Seeing the Person Behind the Screen – Psychosocial Interaction in Digitalized Work

Den Menschen hinter der Kachel sehen - Psychosoziale Interaktion in digitalisierten Arbeitsprozessen

In the course of digital transformation, work processes have increasingly shifted into the virtual space. Online meetings, video calls, and chats replace shared encounters in the workplace; entering and leaving a room happens with a mouse click, and the digital coffee break replaces waiting at the coffee machine. Collaboration has become work at a distance, where interpersonal communication unfolds under conditions structured by hardware and software.

What effects do digitalized forms of communication have on our collaboration? What role does the presence or absence of the human body play under the conditions of digital visibility?

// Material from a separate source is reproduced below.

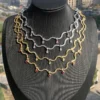 New S-shaped Pink White Water Drop Zircon Charm Pendant Necklace Hip Hop Women Men Full Paved 5A Cubic Zirconia Charm Jewelry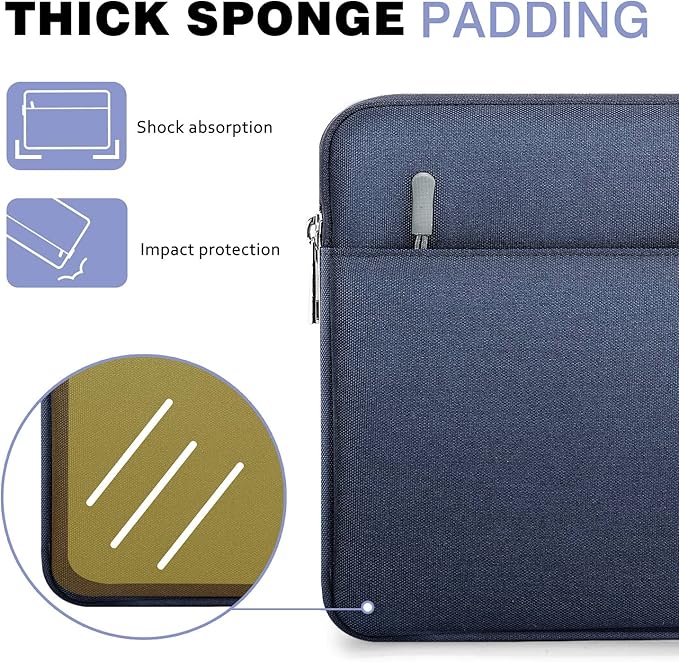 MoKo Tablet Sleeve Case Fits 13 Inch New iPad Pro M4 & Air M2 2024, iPad Pro 12.9 inch M2&M1,Galaxy Tab S8+/S9+ 12.4, Zipper Polyester Bag with Pocket, Fit Surface Pro Type Cover and Pen, Indigo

As a systemic coach and dance scholar, I am particularly interested in the significance of physical and spatiotemporal aspects for our interpersonal interactions. Questions of physical presence and choreographic organization directly touch upon the shaping of our relationships, which form the core of systemic coaching. At HIU, I have the opportunity to discuss these interests in dialogue with colleagues from Psychology and Sociology. The aim is not so much to highlight experiences of loss in digitalized communication, but rather to "see the person" within the changed conditions of collaboration.

A key concept here is psychosocial interaction, which encompasses not only verbal but also a broad spectrum of traditional nonverbal communication patterns and spatiotemporal behaviors. In digital video platforms, this spectrum is visually limited to the perception of facial expressions and hand gestures within the tile-shaped frame. Whole-body actions and spatial dimensions – such as a person's gait, posture, the ability to turn toward or away, change perspectives, and regulate distance – literally fall outside the frame.

To handle digitalized work processes in a solution- and resource-oriented way, we need heightened awareness of their preconditions and effects. As studies in systemic organizational and work psychology show, the key is to create a trusting foundation through regular physically present encounters, enabling us to act in a "relationship-capable" way even in digitalized work processes. Recurring shared presence at the place where people meet and collaboration happens forms an essential prerequisite for overcoming "virtual distances" and connecting with each other "behind the screen."